2. Device Construction
2.1 Raspberry Pi 4B
The project utilizes a Raspberry Pi 4B with 4GB of RAM, running on Raspberry Pi OS (Bookworm). It serves as the core of the device, responsible for:
- Image acquisition from a camera.
- Image processing (filtering and segmentation).
- Classification of recognized letters using a neural network model.

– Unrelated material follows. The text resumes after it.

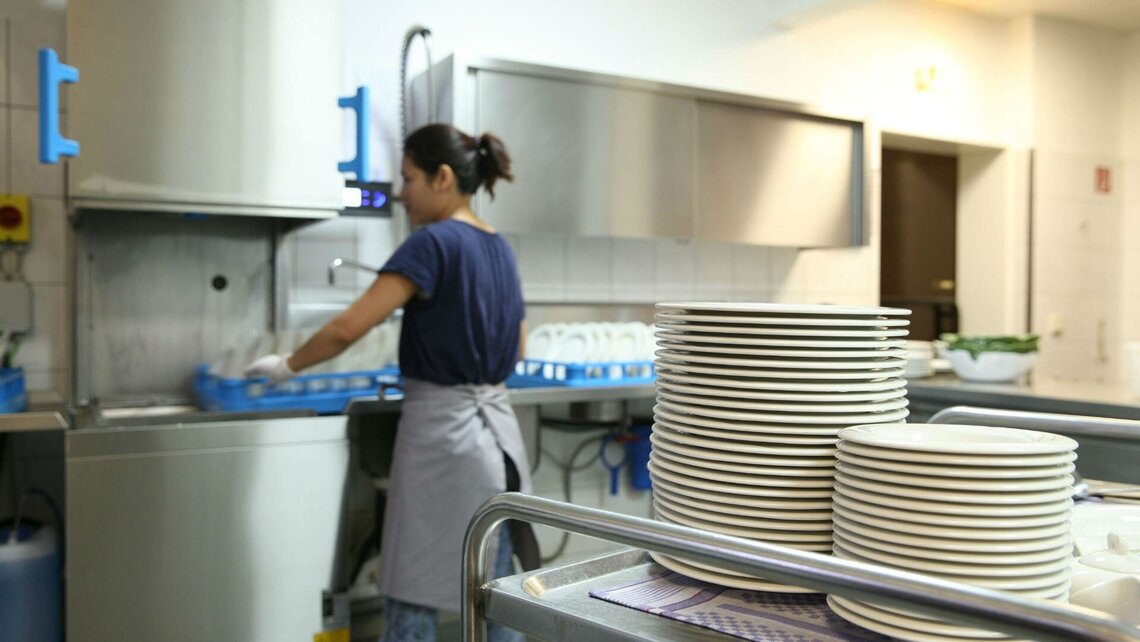 M-iClean H u praonici posuđa M-iClean H in der Spülküche des Haus Hainstein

- Speech synthesis (eSpeak or another TTS) and output via headphones/Bluetooth speaker.
2.2 Camera 5MP OV5647
For image capture, the 5MP OV5647 camera, compatible with Raspberry Pi, was selected. It provides good quality while maintaining a low price. With a resolution of 2592×1944 pixels, it enables effective text recognition, even with standard font sizes.
2.3 Enclosure
To integrate the components, a 3D-printed, two-piece enclosure (top/bottom) was designed and manufactured using Autodesk Inventor Professional 2025. The enclosure allows for stable mounting of the Raspberry Pi and the camera while ensuring easy access to ports and connectors.
2.4 Communication with a PC
The device connects to a computer (e.g., a laptop) via Wi-Fi. The computer enables:
- Real-time image preview.
- Selection of the neural network model (custom or ResNet50).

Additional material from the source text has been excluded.